Some of the many tin pot pans Armstrong and Gordon used to process cannabis in their West Greenwich, RI home. (Credit: Rhode Island State Police)

The Rhode Island State Police/HIDTA press release announced the arrests of Armstrong and Gordon, stipulating the charges of: Possession of Marijuana in Excess of Five (5) kilograms; Possession of Marijuana with Intent to Deliver; and Contributing to the Delinquency of a Minor. The task force located a 15-year-old child among the pot-cultivating operation.

Ironically, in the past Gordon has been arrested on marijuana-related charges. He served jail time where, after a run-in with a very large inmate –“a 300-pound double-murderer”–and subsequent release from prison, was diagnosed with PTSD. Before the Rhode Island State Legislature, Gordon testified about his philosophies and theories pertaining to myriad positive effects to be gained from cannabis use. He also candidly offered the jail stint/melee from which he attributes his PTSD.

Sticking to his guns, however, this latest marijuana arrest of Gordon resulted in no plea given at his arraignment. As well, the $25,000 bail ordered by the court was not posted by Gordon or any associates. That means he is back in the position where he professed he acquired PTSD. From what I found on the Armstrong/Gordon arrests for marijuana violations, they both profess to grow weed not to sell but to give away. That may help explain why the $25,000 bond was not posted so they can be free pending trial.
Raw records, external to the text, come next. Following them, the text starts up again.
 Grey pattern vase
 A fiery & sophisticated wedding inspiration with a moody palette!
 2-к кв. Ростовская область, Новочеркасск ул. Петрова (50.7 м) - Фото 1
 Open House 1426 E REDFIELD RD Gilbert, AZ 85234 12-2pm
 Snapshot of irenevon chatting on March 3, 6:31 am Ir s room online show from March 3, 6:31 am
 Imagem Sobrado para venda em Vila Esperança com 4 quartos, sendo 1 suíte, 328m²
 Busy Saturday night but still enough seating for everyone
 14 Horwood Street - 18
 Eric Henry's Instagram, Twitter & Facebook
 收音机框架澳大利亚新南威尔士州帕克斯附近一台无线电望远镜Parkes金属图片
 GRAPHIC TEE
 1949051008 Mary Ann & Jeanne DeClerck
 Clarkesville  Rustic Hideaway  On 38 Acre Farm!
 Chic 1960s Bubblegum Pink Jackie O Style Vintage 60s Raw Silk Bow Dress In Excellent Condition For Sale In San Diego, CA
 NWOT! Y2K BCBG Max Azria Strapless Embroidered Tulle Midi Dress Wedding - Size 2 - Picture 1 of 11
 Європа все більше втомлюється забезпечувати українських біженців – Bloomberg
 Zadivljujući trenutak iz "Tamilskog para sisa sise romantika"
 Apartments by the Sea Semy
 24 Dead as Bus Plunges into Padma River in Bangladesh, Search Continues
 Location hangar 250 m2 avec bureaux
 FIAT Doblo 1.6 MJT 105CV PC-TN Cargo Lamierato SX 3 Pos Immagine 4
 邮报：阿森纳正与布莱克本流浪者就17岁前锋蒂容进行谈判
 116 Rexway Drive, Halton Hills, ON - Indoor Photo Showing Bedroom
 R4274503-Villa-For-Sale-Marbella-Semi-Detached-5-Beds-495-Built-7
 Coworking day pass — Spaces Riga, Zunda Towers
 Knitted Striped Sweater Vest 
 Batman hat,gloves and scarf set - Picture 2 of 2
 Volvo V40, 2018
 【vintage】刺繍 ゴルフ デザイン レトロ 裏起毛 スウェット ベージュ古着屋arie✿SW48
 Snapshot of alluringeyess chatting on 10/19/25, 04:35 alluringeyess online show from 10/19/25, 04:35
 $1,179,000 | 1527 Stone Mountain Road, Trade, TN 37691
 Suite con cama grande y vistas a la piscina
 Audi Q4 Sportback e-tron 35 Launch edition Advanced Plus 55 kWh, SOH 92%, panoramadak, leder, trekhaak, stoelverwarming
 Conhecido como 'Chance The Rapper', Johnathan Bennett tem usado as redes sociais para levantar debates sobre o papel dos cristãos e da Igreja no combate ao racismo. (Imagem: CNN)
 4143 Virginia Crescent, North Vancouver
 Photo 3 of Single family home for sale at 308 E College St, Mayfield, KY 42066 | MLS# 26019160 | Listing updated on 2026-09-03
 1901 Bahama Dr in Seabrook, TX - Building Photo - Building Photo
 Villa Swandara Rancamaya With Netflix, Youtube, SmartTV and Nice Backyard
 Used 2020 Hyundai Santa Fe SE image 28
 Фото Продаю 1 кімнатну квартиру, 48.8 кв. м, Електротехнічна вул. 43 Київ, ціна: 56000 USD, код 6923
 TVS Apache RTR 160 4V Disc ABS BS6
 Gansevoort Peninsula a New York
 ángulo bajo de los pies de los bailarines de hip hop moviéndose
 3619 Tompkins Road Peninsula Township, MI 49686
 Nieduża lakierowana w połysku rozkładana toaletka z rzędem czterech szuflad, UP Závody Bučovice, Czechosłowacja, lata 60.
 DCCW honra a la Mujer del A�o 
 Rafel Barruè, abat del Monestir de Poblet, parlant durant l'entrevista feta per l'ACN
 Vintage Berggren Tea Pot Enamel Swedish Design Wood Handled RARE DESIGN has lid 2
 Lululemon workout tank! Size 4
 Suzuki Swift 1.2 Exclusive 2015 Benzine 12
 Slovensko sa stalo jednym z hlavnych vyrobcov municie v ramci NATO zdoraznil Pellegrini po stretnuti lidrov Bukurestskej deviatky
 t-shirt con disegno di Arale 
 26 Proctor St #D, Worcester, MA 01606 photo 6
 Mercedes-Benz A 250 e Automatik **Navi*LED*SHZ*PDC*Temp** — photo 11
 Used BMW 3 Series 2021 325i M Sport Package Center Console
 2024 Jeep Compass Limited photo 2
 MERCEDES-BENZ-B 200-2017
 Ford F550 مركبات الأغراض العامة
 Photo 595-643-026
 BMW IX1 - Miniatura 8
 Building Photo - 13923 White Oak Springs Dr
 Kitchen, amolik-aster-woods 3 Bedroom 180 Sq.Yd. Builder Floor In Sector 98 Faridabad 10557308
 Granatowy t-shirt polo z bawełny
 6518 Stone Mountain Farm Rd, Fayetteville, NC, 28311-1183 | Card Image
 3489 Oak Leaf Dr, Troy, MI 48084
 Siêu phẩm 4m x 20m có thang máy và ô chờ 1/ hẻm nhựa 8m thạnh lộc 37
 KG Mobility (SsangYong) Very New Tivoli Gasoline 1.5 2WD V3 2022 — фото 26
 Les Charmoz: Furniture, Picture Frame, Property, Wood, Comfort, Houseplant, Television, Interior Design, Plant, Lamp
Moreover, if neither Armstrong nor Gordon can afford to post bail, how’d they afford election commission fees? Drug Money? But they claim they are not selling weed, only giving it away. Church tithes? Perhaps. If their congregation supports it then it is likely they have no hesitation funding church leaders aspiring to political office so as to fight for across-the-board legalization of marijuana.

Gordon seems to be a relatively learned man. He also pokes the conspiracy hive. His political campaign video alludes to his political opponent, former Rhode Island U.S. attorney Peter Neronha, an Obama-era official, being an “illegal candidate” involved in four scandals and backed by “pill money.” Mr. Gordon’s campaign video was posted August 16, 2018. The YouTube video views when I reviewed it was tallied at 129. Interestingly, Gordon’s pot-producing partner, roommate, and Compassion Party political associate running for the Rhode Island gubernatorial seat, Anne Armstrong is the only commenter below Gordon’s campaign video. Ms. Armstrong wrote: “It’s funny [how] YouTube messes with the view counter. We’re watching you!” I wonder if the Rhode Island State Police surveillance team thought/said the same thing when they sat on a certain street in West Greenwich.

I drank black coffee this morning, so my senses are on super-high alert. But it didn’t take an extra jolt from caffeine to notice Mr. Gordon’s campaign vid was recorded in a forest of cannabis and spanned 4:20. He kept looking to his right as he spoke. Conscience bothering him or just, you know, waiting on the mail?

As a lawman, I am sure Rhode Island police investigators exercised due diligence and found the batch of videos, including Gordon standing in front of a wall of marijuana. Although he appears to have some intellect, it was smothered by producing and posting incriminating evidence for the public to see, including law enforcement officials building a case from odiferous air coincidentally close to where two Compassion Party political candidates for state offices resided with a 15-year-old child. Yes, a teen was in the pot-infested home at 99 Hudson Pond Road. State police also charged Armstrong and Gordon with “contributing to the delinquency of a minor.”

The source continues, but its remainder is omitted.